═══ Task inputs
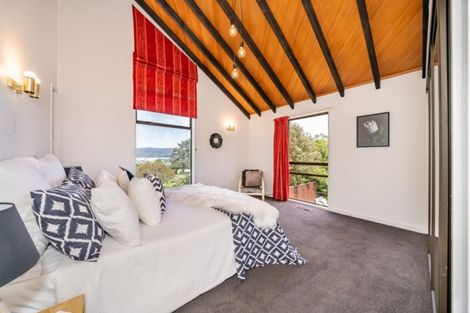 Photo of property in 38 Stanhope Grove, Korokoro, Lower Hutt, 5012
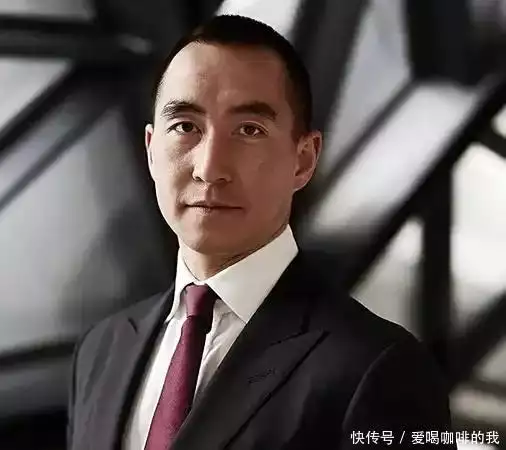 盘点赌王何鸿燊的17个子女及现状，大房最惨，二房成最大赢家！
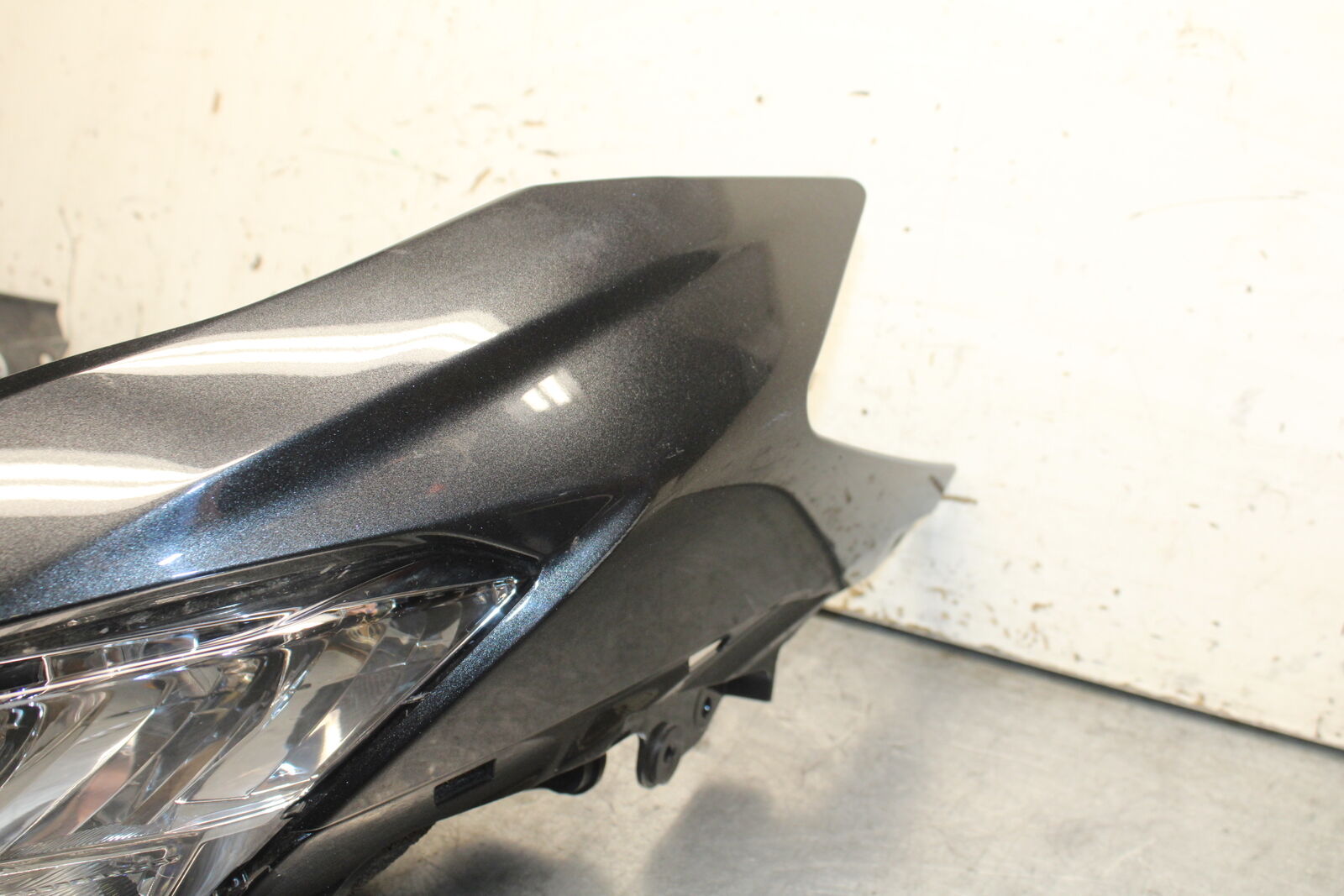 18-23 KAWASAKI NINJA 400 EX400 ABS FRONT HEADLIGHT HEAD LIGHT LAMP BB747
══════
═══ Task inputs
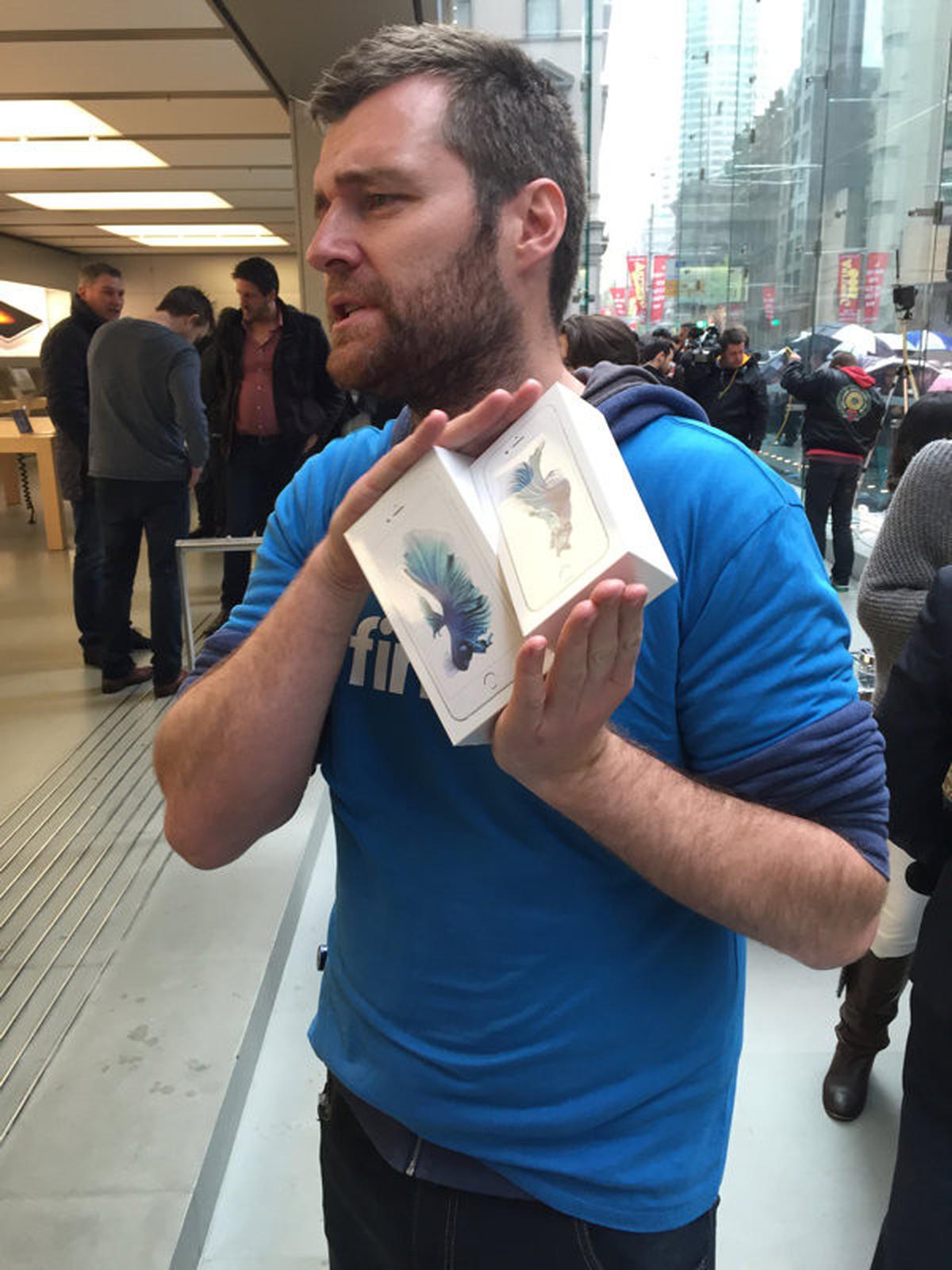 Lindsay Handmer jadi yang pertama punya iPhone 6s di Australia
══════
═══ Task inputs
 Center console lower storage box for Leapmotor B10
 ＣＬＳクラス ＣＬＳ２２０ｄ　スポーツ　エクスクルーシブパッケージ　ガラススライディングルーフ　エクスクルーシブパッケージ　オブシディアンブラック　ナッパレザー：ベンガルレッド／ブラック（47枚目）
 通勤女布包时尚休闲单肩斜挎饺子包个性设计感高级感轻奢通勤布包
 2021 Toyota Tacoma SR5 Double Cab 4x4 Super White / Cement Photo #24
══════
Exercise prompt: The line holding "Photo of property" starts the copy and the line holding "18-23 KAWASAKI NINJA" ends it. Repeat those two lines above and all between them exactly, leaving out pictures.

Task answer:
 Photo of property in 38 Stanhope Grove, Korokoro, Lower Hutt, 5012
 盘点赌王何鸿燊的17个子女及现状，大房最惨，二房成最大赢家！
 18-23 KAWASAKI NINJA 400 EX400 ABS FRONT HEADLIGHT HEAD LIGHT LAMP BB747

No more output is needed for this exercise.